Exercise aim
Skip every image and restate the data word for word.

━━ Given information

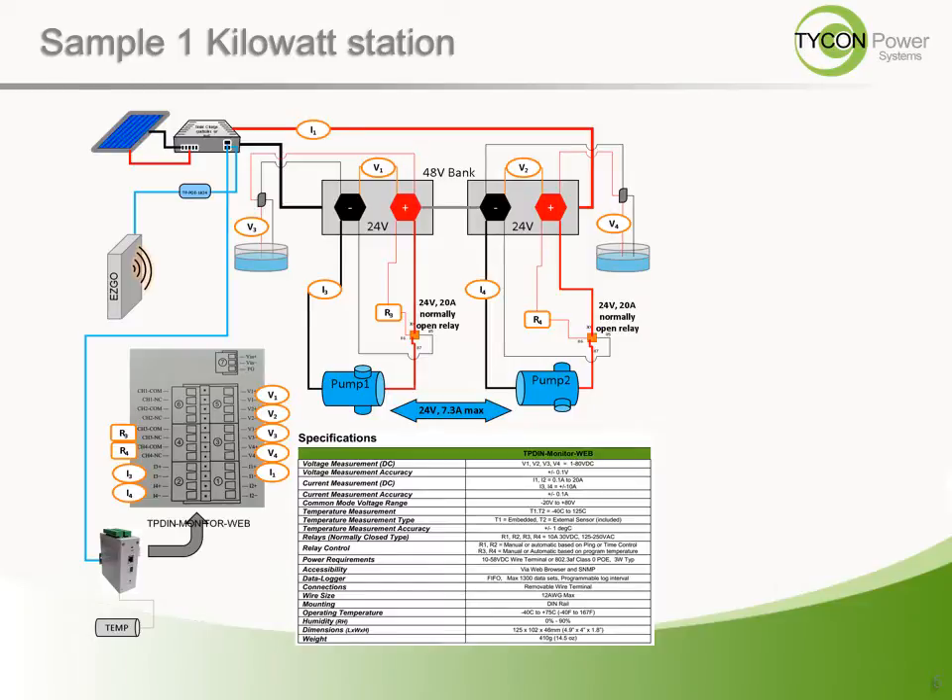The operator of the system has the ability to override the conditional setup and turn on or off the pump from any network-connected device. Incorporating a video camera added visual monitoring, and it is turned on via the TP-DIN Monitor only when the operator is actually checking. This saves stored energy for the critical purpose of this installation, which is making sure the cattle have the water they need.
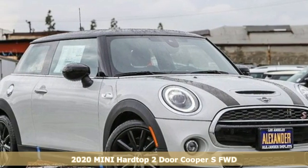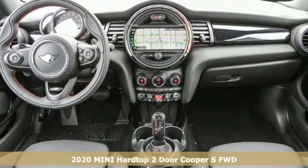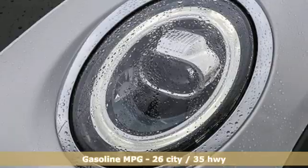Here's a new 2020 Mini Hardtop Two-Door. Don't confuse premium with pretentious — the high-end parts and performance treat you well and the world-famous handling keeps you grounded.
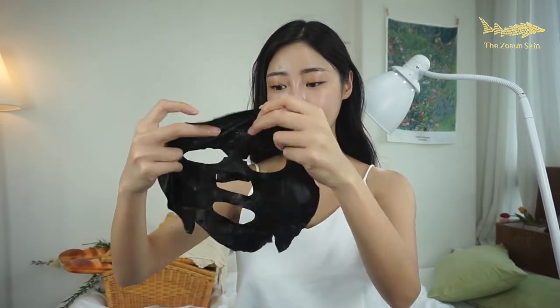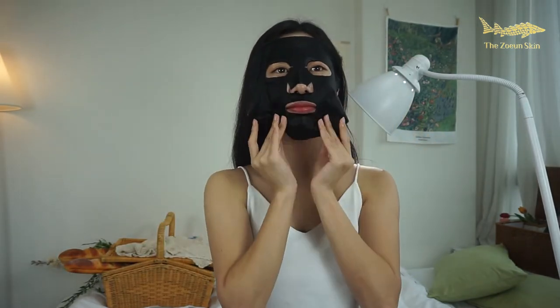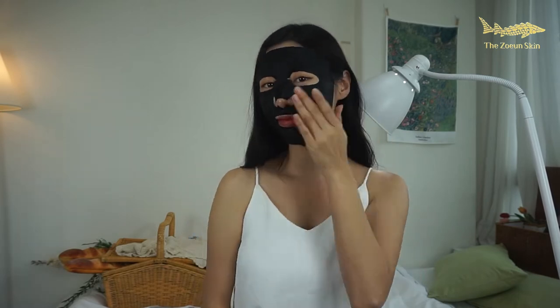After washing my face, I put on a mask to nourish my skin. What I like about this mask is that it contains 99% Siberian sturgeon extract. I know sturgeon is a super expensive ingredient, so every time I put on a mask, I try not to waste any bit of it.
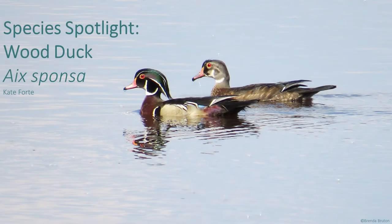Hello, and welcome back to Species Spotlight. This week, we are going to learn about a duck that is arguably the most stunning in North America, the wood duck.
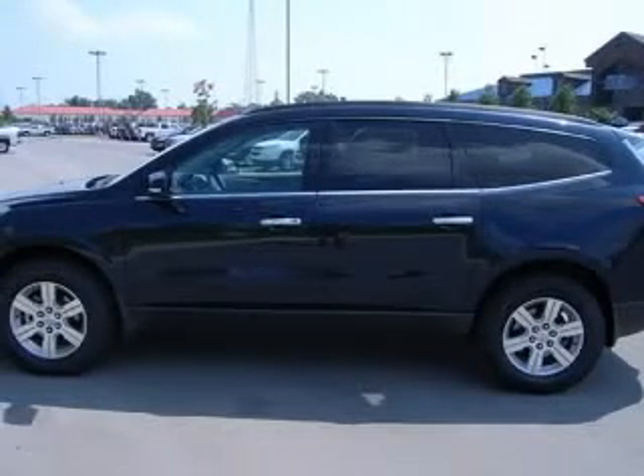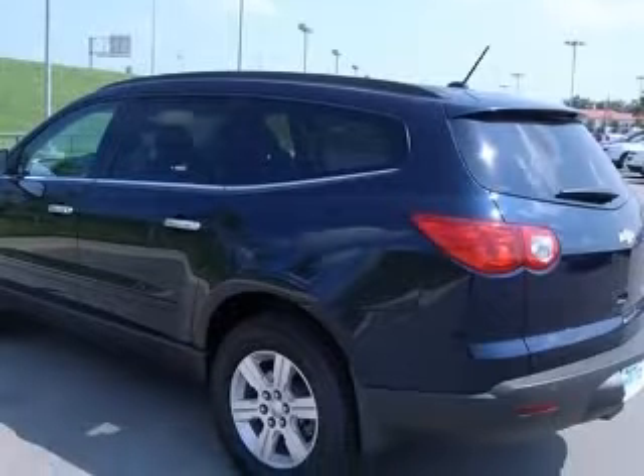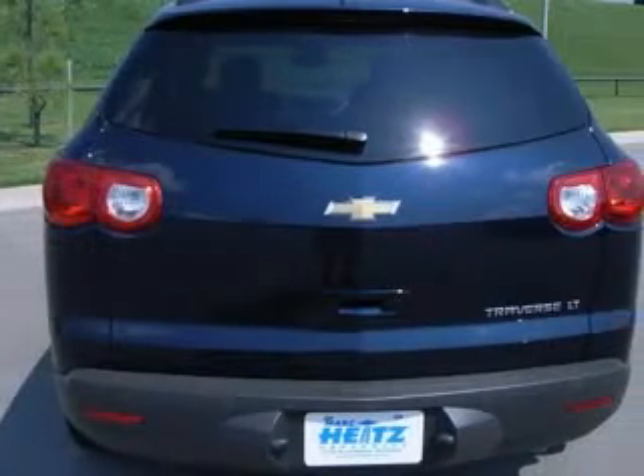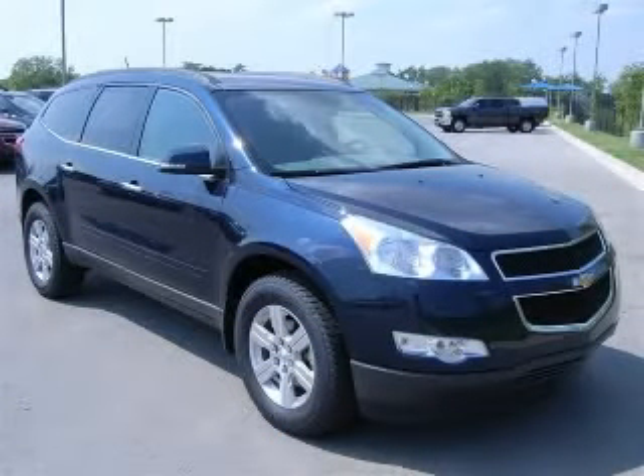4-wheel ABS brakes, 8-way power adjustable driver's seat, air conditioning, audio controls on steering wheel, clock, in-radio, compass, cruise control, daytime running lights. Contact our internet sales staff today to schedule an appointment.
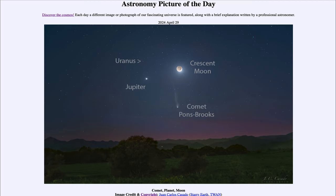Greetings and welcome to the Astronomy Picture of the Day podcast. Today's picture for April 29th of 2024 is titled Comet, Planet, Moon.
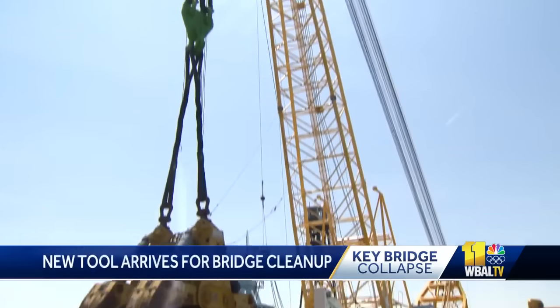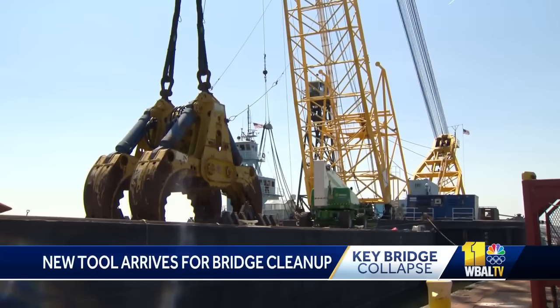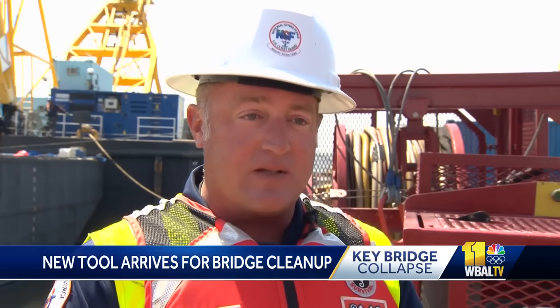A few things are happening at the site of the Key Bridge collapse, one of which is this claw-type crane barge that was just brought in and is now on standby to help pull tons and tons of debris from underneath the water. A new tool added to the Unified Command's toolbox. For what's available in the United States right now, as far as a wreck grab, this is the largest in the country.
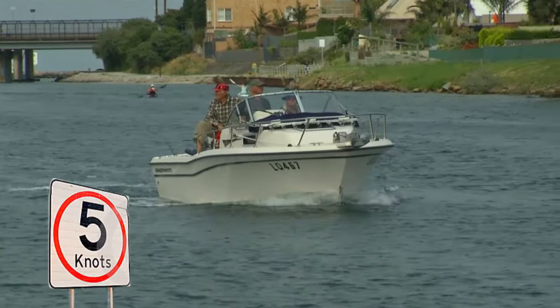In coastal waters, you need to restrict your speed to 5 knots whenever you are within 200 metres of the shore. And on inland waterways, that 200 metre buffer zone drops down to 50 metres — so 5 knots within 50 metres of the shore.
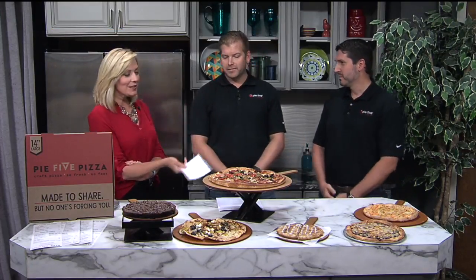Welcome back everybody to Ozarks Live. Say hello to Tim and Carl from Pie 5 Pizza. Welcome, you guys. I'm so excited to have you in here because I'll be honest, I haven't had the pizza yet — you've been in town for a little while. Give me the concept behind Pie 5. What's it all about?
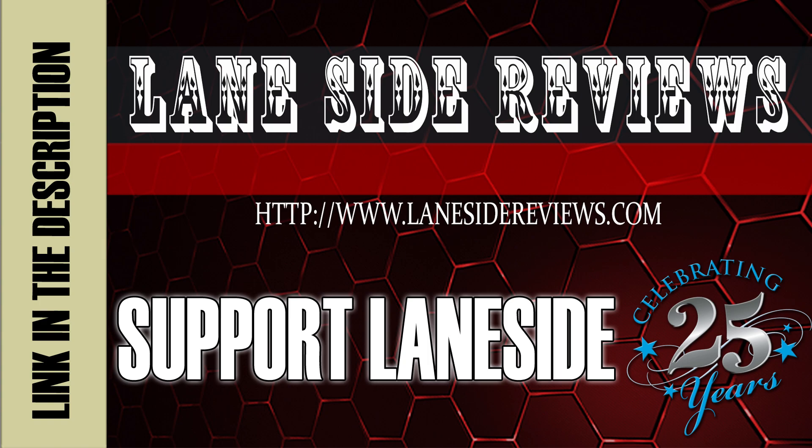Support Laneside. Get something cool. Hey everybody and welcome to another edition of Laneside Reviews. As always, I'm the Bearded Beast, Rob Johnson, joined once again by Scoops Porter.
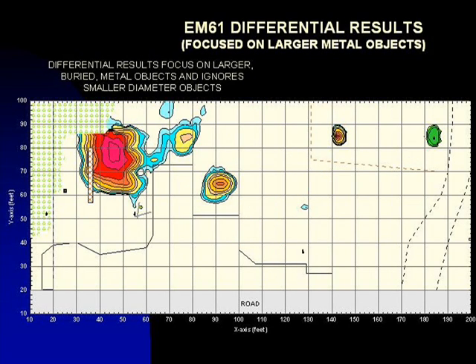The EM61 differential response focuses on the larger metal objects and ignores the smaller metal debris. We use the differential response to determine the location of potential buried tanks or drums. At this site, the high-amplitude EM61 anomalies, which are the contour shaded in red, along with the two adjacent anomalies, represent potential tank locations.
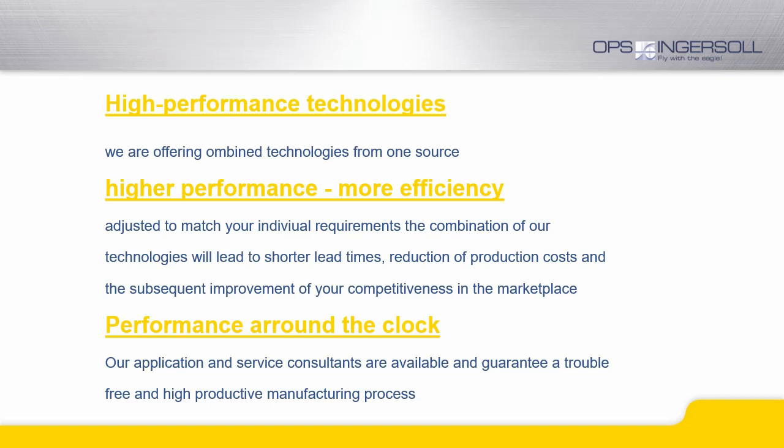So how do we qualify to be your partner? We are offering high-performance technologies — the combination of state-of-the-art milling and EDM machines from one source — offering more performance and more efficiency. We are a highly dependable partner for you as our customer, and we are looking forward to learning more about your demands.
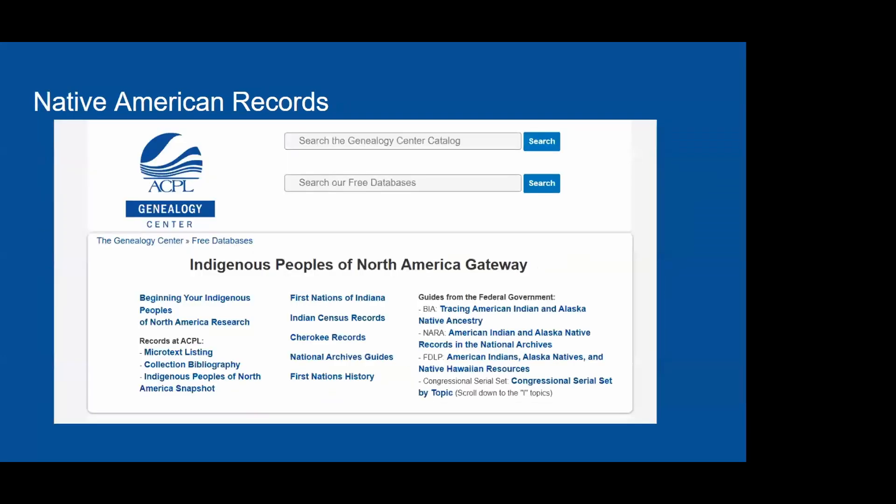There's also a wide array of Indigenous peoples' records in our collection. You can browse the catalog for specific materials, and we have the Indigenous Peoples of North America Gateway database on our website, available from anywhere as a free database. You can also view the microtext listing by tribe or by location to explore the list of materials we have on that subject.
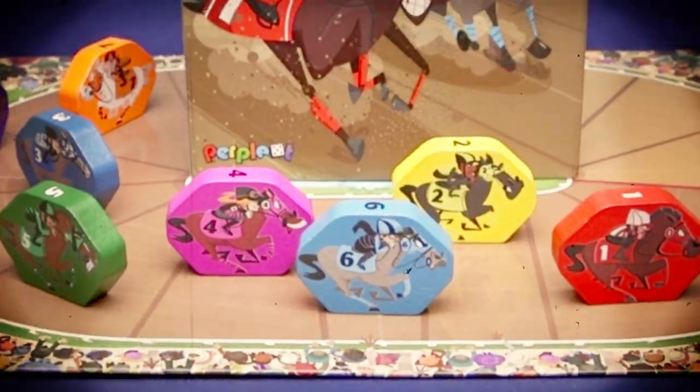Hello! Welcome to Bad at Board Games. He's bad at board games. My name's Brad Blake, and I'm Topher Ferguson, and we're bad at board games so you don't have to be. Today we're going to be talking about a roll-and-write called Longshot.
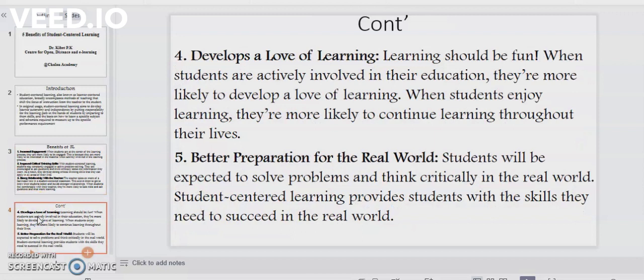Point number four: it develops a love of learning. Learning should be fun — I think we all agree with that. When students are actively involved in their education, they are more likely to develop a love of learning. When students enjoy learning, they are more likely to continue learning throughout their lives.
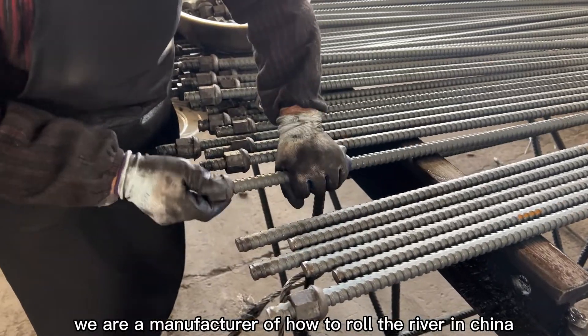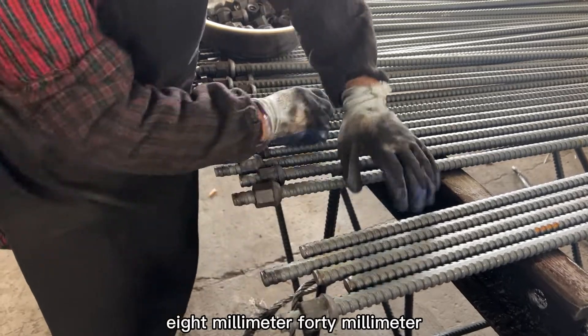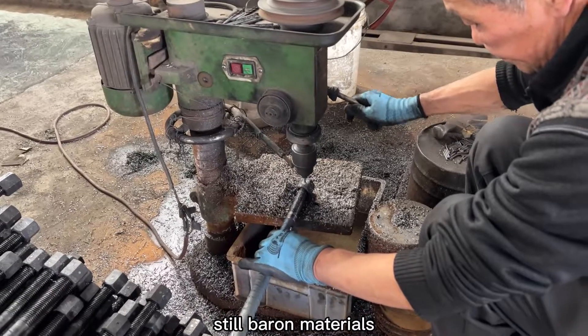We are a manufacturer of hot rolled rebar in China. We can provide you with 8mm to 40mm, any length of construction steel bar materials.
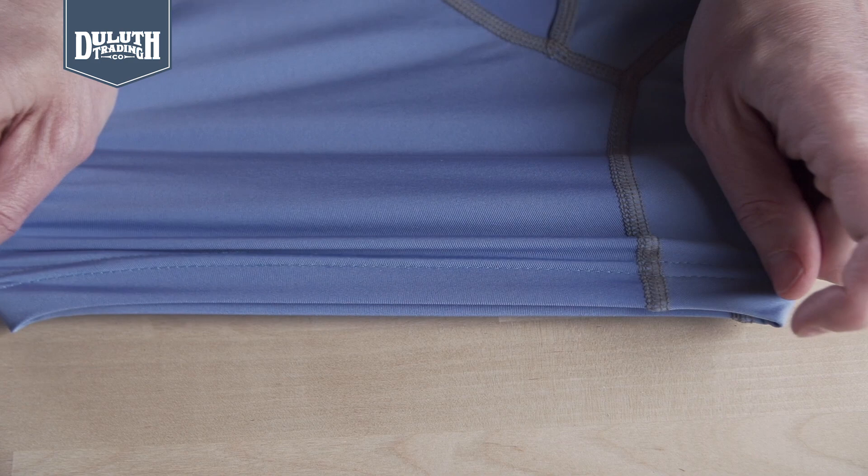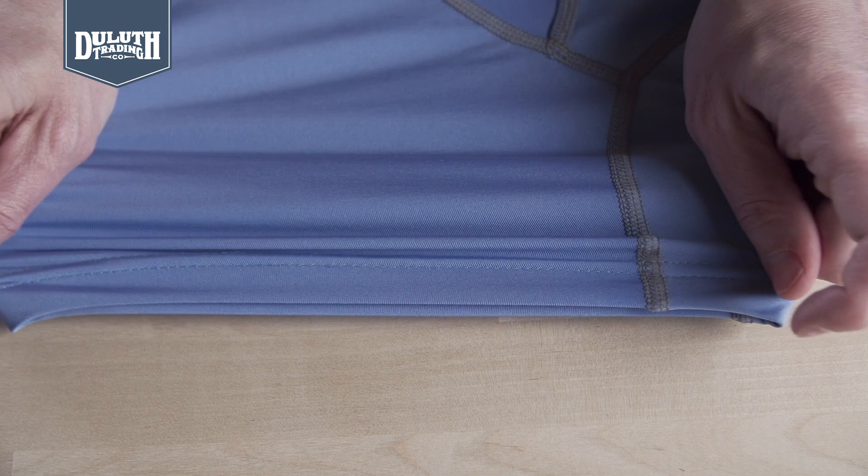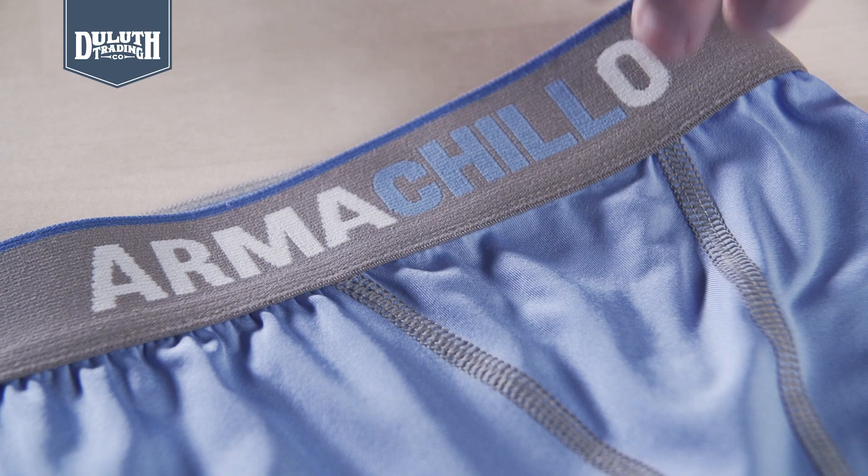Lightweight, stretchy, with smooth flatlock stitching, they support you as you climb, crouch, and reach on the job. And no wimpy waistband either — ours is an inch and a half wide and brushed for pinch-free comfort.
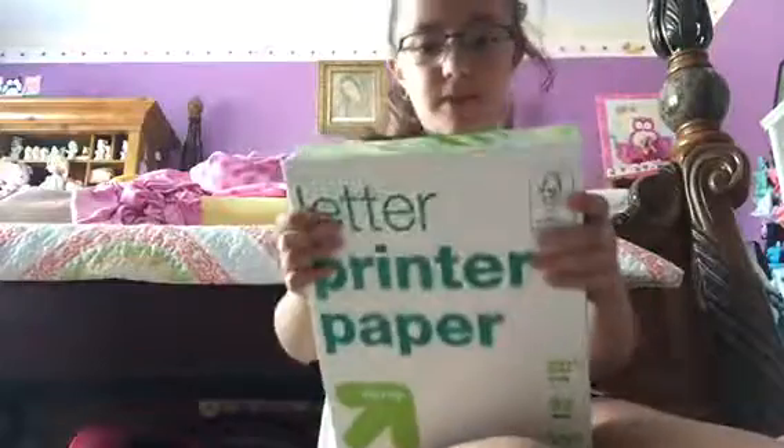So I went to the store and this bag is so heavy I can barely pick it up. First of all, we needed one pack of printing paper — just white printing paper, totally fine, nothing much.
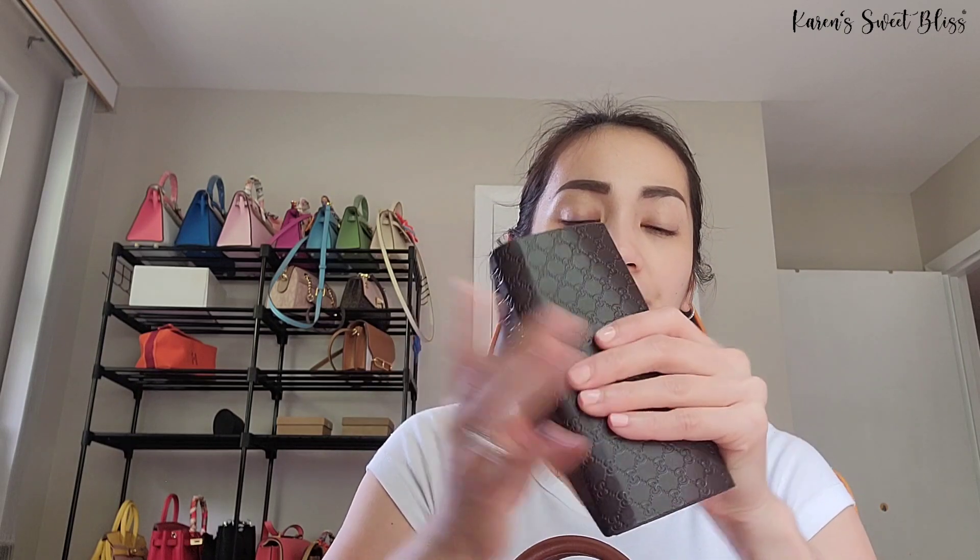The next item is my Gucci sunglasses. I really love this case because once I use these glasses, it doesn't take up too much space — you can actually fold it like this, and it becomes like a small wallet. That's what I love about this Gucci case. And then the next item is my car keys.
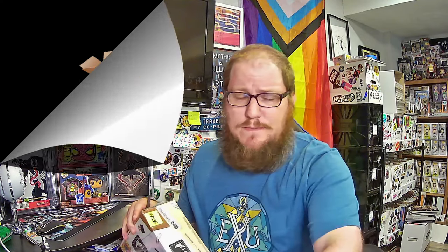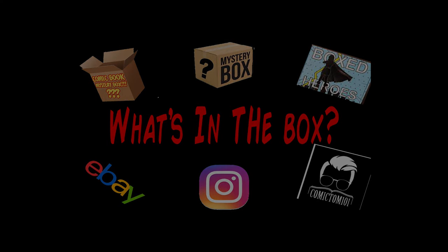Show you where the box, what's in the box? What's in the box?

━━━━

Result of this exercise
The operator of the system has the ability to override the conditional setup and turn on or off the pump from any network-connected device. Incorporating a video camera added visual monitoring, and it is turned on via the TP-DIN Monitor only when the operator is actually checking. This saves stored energy for the critical purpose of this installation, which is making sure the cattle have the water they need.
Here's a new 2020 Mini Hardtop Two-Door. Don't confuse premium with pretentious — the high-end parts and performance treat you well and the world-famous handling keeps you grounded.
After washing my face, I put on a mask to nourish my skin. What I like about this mask is that it contains 99% Siberian sturgeon extract. I know sturgeon is a super expensive ingredient, so every time I put on a mask, I try not to waste any bit of it.
Hello, and welcome back to Species Spotlight. This week, we are going to learn about a duck that is arguably the most stunning in North America, the wood duck.
4-wheel ABS brakes, 8-way power adjustable driver's seat, air conditioning, audio controls on steering wheel, clock, in-radio, compass, cruise control, daytime running lights. Contact our internet sales staff today to schedule an appointment.
Greetings and welcome to the Astronomy Picture of the Day podcast. Today's picture for April 29th of 2024 is titled Comet, Planet, Moon.
A few things are happening at the site of the Key Bridge collapse, one of which is this claw-type crane barge that was just brought in and is now on standby to help pull tons and tons of debris from underneath the water. A new tool added to the Unified Command's toolbox. For what's available in the United States right now, as far as a wreck grab, this is the largest in the country.
In coastal waters, you need to restrict your speed to 5 knots whenever you are within 200 metres of the shore. And on inland waterways, that 200 metre buffer zone drops down to 50 metres — so 5 knots within 50 metres of the shore.
Welcome back everybody to Ozarks Live. Say hello to Tim and Carl from Pie 5 Pizza. Welcome, you guys. I'm so excited to have you in here because I'll be honest, I haven't had the pizza yet — you've been in town for a little while. Give me the concept behind Pie 5. What's it all about?
Support Laneside. Get something cool. Hey everybody and welcome to another edition of Laneside Reviews. As always, I'm the Bearded Beast, Rob Johnson, joined once again by Scoops Porter.
The EM61 differential response focuses on the larger metal objects and ignores the smaller metal debris. We use the differential response to determine the location of potential buried tanks or drums. At this site, the high-amplitude EM61 anomalies, which are the contour shaded in red, along with the two adjacent anomalies, represent potential tank locations.
So how do we qualify to be your partner? We are offering high-performance technologies — the combination of state-of-the-art milling and EDM machines from one source — offering more performance and more efficiency. We are a highly dependable partner for you as our customer, and we are looking forward to learning more about your demands.
There's also a wide array of Indigenous peoples' records in our collection. You can browse the catalog for specific materials, and we have the Indigenous Peoples of North America Gateway database on our website, available from anywhere as a free database. You can also view the microtext listing by tribe or by location to explore the list of materials we have on that subject.
Hello! Welcome to Bad at Board Games. He's bad at board games. My name's Brad Blake, and I'm Topher Ferguson, and we're bad at board games so you don't have to be. Today we're going to be talking about a roll-and-write called Longshot.
Point number four: it develops a love of learning. Learning should be fun — I think we all agree with that. When students are actively involved in their education, they are more likely to develop a love of learning. When students enjoy learning, they are more likely to continue learning throughout their lives.
We are a manufacturer of hot rolled rebar in China. We can provide you with 8mm to 40mm, any length of construction steel bar materials.
Lightweight, stretchy, with smooth flatlock stitching, they support you as you climb, crouch, and reach on the job. And no wimpy waistband either — ours is an inch and a half wide and brushed for pinch-free comfort.
So I went to the store and this bag is so heavy I can barely pick it up. First of all, we needed one pack of printing paper — just white printing paper, totally fine, nothing much.
The next item is my Gucci sunglasses. I really love this case because once I use these glasses, it doesn't take up too much space — you can actually fold it like this, and it becomes like a small wallet. That's what I love about this Gucci case. And then the next item is my car keys.
Show you where the box, what's in the box? What's in the box?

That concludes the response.